The deal, announced Tuesday, also would boost DuPont's position in advanced materials for other key growth markets such as clean energy and 5G mobile phone service.
DuPont further disclosed plans to sell most of its Mobility and Materials unit, which makes polymers and resins for vehicles. Taken together, the deals will deepen the chemical maker's reach in fast-growing, higher-margin industrial and electronics markets and make its earnings more stable, the Wilmington, Del.-based company said.
"We are sharpening our focus on high-growth, high-value opportunities in sectors with steady long-term secular growth trends," DuPont CEO Ed Breen said in the statement. The company plans to further invest "organically and through strategic acquisitions to maximize our capabilities," he said.

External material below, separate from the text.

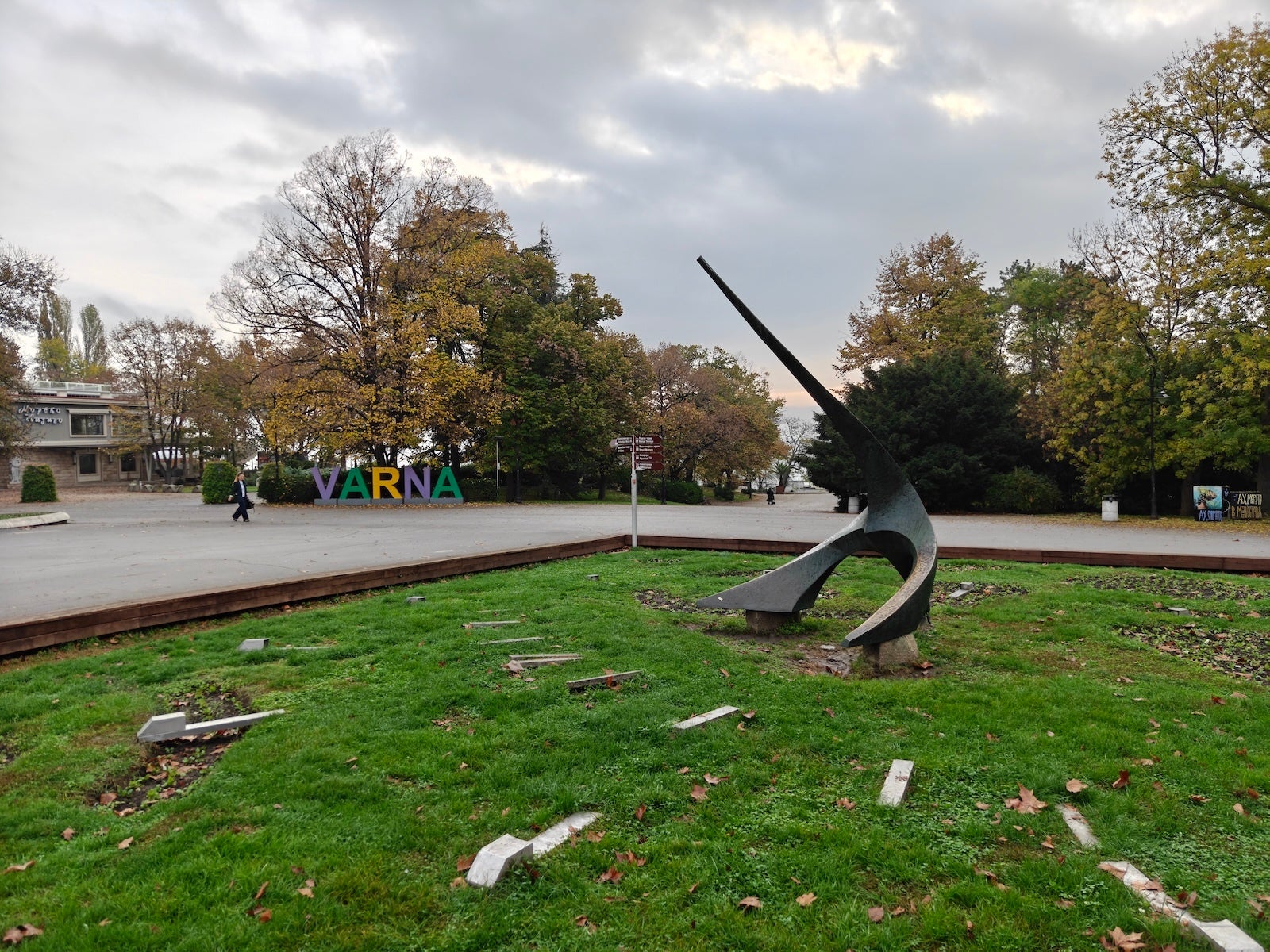 OnePlus 15 против Galaxy S25 Ultra: камера шокирует всех картинка Смартфон OnePlus 15 с выгодной скидкой и бонусами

The deals would add to Breen's reputation for deal-making, after he engineered the 2012 breakup of Tyco International and oversaw the 2000 sale of General Instrument. Rogers, based in Chandler, Ariz., develops advanced electronic materials.
DuPont expects that Mobility and Materials will generate $4.2 billion in sales this year. Marketing the operation could take as long as six months, with the sale expected to be completed by the fourth quarter of next year. Proceeds from the sale will be used to help fund the purchase of Rogers, it said.
Breen led the 2017 tie-up of DuPont and Dow Chemical Co. -- two key auto industry suppliers at the Tier 1 and Tier 2 levels -- and the subsequent breakup that formed a standalone DuPont, Dow Inc. and Corteva Inc.
This year, DuPont acquired Laird Performance Materials, which specializes in advanced electronic materials for autonomous vehicles, in a $2.3 billion deal.
The company on Tuesday also reported third-quarter results and cut its full-year forecast because of a slowdown in orders tied to the global semiconductor shortage.